Mit dem Faktor-Zertifikat Long auf Deutsche Lufthansa hat der Anleger die Möglichkeit überproportional an steigenden Kursen der zugrunde liegenden Aktie zu partizipieren. Im Gegenzug nimmt der Anleger aber auch überproportional an fallenden Kursen der zugrunde liegenden Aktie teil.

Falls die zugrunde liegende Aktie die Reset Barriere unterschreitet, liegt ein Reset Ereignis vor und es wird ein Hedging-Wert ermittelt. Dieser Wert ergibt sich aufgrund der für die Aktie abgeschlossenen Hedgingvereinbarungen erzielten Preise, wie in den Endgültigen Bedingungen näher beschrieben. Wenn dieser Hedging-Wert über dem letzten unmittelbar vor dem Eintritt des Reset Ereignisses anwendbaren Basispreis liegt, werden bestimmte Werte des Faktor-Zertifikats angepasst, wie in den Endgültigen Bedingungen näher beschrieben.

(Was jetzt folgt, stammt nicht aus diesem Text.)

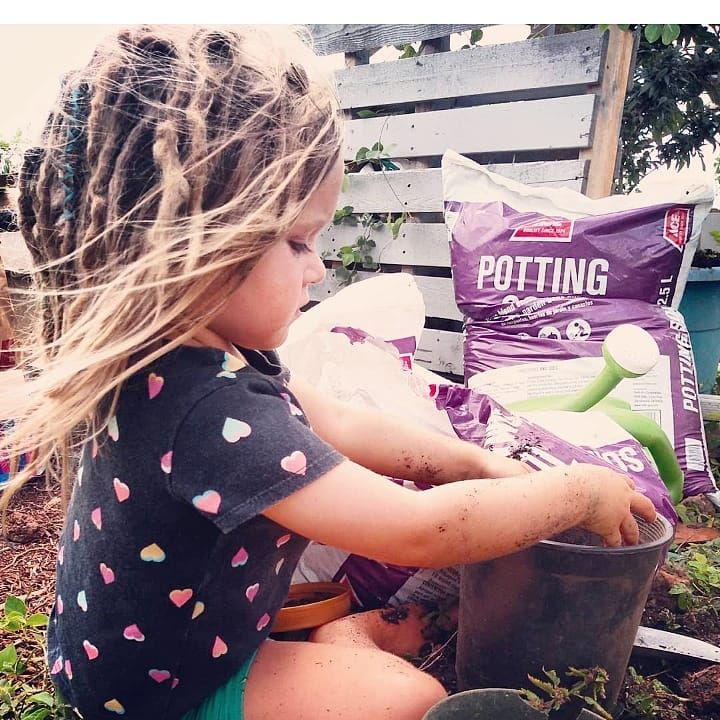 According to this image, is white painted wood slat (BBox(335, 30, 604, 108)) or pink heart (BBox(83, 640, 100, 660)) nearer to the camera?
pink heart (BBox(83, 640, 100, 660))

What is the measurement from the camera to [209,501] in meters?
0.69

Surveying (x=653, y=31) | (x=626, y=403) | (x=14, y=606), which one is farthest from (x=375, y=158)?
(x=14, y=606)

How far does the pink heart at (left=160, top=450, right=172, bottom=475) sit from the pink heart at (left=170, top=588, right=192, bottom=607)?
0.16 m

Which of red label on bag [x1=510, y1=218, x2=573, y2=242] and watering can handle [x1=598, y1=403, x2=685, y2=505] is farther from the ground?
red label on bag [x1=510, y1=218, x2=573, y2=242]

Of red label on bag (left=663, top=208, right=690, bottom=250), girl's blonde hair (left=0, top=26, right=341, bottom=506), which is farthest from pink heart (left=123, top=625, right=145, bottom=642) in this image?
red label on bag (left=663, top=208, right=690, bottom=250)

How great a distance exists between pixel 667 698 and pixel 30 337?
3.41 feet

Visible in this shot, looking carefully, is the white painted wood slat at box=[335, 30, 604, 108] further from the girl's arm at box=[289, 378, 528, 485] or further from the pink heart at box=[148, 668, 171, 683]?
the pink heart at box=[148, 668, 171, 683]

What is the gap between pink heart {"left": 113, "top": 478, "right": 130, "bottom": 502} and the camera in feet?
2.48

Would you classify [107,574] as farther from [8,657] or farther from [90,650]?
[8,657]

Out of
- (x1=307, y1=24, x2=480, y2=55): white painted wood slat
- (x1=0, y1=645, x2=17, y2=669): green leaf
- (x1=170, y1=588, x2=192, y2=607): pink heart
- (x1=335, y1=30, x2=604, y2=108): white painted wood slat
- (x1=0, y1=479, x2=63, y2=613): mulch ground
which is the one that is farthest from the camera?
(x1=307, y1=24, x2=480, y2=55): white painted wood slat

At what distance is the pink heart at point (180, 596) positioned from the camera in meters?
0.78

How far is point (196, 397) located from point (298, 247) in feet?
0.65

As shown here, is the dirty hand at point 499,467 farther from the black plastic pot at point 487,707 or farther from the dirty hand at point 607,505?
the black plastic pot at point 487,707

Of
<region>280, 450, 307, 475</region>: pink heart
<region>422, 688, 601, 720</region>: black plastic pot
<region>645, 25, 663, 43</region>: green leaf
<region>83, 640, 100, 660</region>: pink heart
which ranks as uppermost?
<region>645, 25, 663, 43</region>: green leaf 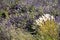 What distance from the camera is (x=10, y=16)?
593 cm

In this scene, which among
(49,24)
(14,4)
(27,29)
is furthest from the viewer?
(14,4)

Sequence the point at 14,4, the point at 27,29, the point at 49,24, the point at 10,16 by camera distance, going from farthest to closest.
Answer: the point at 14,4, the point at 10,16, the point at 27,29, the point at 49,24

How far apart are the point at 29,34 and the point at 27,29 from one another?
318 millimetres

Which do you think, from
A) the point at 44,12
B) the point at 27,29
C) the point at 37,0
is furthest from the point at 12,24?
the point at 37,0

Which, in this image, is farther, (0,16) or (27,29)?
(0,16)

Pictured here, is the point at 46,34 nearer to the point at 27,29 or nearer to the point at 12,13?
the point at 27,29

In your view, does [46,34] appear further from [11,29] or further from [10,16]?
[10,16]

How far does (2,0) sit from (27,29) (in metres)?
1.62

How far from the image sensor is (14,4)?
21.2 feet

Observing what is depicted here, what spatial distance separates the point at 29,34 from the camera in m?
5.14

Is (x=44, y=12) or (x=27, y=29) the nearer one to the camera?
(x=27, y=29)

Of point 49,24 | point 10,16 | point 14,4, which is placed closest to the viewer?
point 49,24

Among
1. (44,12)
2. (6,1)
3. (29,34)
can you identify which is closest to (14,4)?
(6,1)

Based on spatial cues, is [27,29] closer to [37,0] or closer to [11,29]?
[11,29] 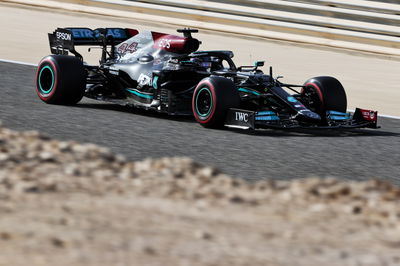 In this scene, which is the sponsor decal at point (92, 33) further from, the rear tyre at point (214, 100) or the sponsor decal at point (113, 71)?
the rear tyre at point (214, 100)

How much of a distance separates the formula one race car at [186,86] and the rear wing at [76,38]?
1 centimetres

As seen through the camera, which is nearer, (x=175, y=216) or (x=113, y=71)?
(x=175, y=216)

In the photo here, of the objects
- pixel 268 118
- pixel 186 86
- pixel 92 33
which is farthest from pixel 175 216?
pixel 92 33

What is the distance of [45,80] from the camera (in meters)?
11.3

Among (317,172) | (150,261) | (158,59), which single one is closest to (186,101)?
(158,59)

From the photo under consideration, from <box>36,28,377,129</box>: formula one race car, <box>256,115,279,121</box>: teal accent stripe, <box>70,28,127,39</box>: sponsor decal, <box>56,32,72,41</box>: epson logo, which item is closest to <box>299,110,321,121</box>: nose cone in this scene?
<box>36,28,377,129</box>: formula one race car

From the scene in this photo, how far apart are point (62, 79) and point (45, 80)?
1.54 feet

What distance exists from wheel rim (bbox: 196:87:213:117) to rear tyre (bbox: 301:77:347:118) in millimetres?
1262

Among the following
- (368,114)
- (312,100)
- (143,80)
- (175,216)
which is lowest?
(175,216)

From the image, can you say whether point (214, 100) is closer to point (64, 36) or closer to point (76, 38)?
point (76, 38)

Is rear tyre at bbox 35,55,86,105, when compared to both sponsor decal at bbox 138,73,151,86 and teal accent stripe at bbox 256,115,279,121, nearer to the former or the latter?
sponsor decal at bbox 138,73,151,86

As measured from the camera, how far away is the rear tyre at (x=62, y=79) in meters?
10.9

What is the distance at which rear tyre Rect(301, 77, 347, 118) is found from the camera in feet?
35.1

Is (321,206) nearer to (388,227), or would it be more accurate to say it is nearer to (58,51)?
(388,227) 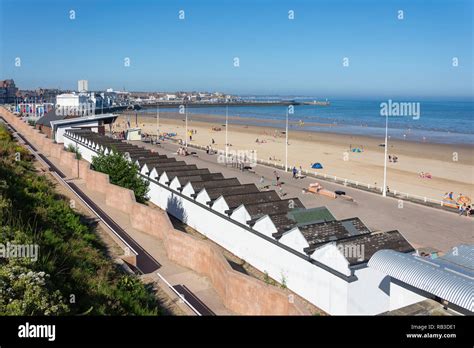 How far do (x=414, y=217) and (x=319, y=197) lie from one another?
612cm

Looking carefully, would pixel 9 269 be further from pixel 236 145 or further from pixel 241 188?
pixel 236 145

Wenn allerdings der Hedging-Wert unter dem letzten unmittelbar vor dem Eintritt des Reset Ereignisses anwendbaren Basispreis liegt oder diesem entspricht, so steht es der Emittentin frei, vorbehaltlich einer wirksamen Ausübung des Ausübungsrechts des Gläubigers oder einer Mitteilung einer Kündigung durch die Emittentin, die Wertpapiere mit sofortiger Wirkung vollständig, jedoch nicht teilweise, durch Mitteilung an die Gläubiger zu kündigen (eine sogenannte Reset Ereignis Kündigung). Als Folge der Ausübung einer Reset Ereignis Kündigung durch die Emittentin wird das Produkt mit sofortiger Wirkung beendet und der Mindestbetrag ausgezahlt, wodurch es zum Totalverlust kommt.

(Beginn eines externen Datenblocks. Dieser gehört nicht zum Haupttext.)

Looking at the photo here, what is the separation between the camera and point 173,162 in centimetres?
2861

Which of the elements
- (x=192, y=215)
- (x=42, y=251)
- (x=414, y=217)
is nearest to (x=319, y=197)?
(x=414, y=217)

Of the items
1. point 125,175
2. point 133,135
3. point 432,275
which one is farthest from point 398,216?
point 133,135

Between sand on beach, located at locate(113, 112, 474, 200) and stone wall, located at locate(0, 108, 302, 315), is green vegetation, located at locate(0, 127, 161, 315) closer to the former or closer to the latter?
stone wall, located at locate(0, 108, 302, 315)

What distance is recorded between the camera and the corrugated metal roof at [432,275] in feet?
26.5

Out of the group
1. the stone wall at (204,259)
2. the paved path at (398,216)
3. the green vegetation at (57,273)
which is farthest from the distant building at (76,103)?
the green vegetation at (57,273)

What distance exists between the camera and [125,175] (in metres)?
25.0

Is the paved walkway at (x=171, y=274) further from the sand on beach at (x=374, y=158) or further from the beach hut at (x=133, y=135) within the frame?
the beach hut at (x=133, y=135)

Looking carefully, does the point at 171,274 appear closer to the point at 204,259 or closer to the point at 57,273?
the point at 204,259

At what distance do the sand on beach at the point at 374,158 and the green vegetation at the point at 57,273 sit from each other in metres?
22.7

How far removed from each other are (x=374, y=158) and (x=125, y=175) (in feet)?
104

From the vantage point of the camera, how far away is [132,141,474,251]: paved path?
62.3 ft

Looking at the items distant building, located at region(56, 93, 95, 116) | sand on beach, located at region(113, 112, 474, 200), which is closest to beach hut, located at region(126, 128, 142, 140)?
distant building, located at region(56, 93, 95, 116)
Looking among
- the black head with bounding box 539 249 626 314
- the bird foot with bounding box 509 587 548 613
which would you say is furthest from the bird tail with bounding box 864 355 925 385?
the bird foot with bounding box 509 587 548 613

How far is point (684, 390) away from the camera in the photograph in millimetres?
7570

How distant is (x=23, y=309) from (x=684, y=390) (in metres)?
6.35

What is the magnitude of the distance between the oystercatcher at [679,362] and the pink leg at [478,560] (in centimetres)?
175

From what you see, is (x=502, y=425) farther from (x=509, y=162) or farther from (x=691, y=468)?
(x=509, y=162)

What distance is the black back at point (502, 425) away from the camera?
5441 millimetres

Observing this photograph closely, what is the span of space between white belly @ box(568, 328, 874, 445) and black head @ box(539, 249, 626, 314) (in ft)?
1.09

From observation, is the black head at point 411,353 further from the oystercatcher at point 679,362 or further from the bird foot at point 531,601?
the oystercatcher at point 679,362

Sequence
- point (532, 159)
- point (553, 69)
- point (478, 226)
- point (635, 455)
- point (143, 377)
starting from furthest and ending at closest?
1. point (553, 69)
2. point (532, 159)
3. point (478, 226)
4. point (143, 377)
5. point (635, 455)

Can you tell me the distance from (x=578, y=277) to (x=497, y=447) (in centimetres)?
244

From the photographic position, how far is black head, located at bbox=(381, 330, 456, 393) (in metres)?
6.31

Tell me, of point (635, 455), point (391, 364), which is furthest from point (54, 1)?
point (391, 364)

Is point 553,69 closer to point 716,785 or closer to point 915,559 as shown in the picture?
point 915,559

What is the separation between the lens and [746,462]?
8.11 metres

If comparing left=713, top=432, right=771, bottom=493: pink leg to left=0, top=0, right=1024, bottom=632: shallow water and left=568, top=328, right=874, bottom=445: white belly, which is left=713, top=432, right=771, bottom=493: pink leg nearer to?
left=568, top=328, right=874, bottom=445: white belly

Sowohl die Reset Barriere als auch der Basispreis sind nicht konstant. Nach anfänglicher Bestimmung dieser Werte werden, wie in den Endgültigen Bedingungen festgelegt, Anpassungen erfolgen. Der aktuelle Wert der Reset Barriere und des Basispreises sind der obigen Tabelle zu entnehmen.

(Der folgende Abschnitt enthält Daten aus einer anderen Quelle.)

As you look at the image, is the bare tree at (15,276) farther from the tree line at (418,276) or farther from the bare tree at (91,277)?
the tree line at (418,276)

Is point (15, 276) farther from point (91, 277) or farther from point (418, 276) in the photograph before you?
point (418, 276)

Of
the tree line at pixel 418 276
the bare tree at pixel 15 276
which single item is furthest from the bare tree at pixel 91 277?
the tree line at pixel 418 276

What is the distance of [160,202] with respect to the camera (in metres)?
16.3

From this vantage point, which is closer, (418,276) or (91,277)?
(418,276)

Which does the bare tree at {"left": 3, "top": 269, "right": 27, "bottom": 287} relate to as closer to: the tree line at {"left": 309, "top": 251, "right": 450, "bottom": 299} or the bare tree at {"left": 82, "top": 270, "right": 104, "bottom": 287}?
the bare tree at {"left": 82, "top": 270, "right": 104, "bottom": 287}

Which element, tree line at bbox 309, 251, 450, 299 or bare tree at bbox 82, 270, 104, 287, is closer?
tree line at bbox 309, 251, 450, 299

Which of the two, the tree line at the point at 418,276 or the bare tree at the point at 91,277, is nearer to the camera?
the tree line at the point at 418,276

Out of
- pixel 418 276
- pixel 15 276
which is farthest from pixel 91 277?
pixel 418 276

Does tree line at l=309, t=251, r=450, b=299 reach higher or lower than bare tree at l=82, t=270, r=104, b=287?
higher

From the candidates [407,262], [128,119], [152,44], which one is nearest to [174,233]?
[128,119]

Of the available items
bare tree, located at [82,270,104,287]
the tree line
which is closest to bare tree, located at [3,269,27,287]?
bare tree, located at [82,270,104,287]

Das Produkt hat keine feste Laufzeit. Bei Ausübung des ordentlichen Kündigungsrechts erfolgt die Bewertung der Aktie am ersten planmäßigen Handelstag (der Aktie) eines jeden Monats, welcher dem Ablauf von 35 Tagen nach dem Ausübungstag folgt. Bei Ausübung der Reset Ereignis Kündigung durch die Emittentin werden die Wertpapiere zum Mindestbetrag zurückgezahlt.

Bei Faktor-Zertifikaten sind keine periodischen Zinszahlungen vorgesehen.

Faktor-Zertifikate gewährleisten keinen Kapitalschutz. Im Falle eines fallenden Aktien-Kurses können die Wertpapiere wertlos verfallen wodurch der Anleger einen Totalverlust erleidet.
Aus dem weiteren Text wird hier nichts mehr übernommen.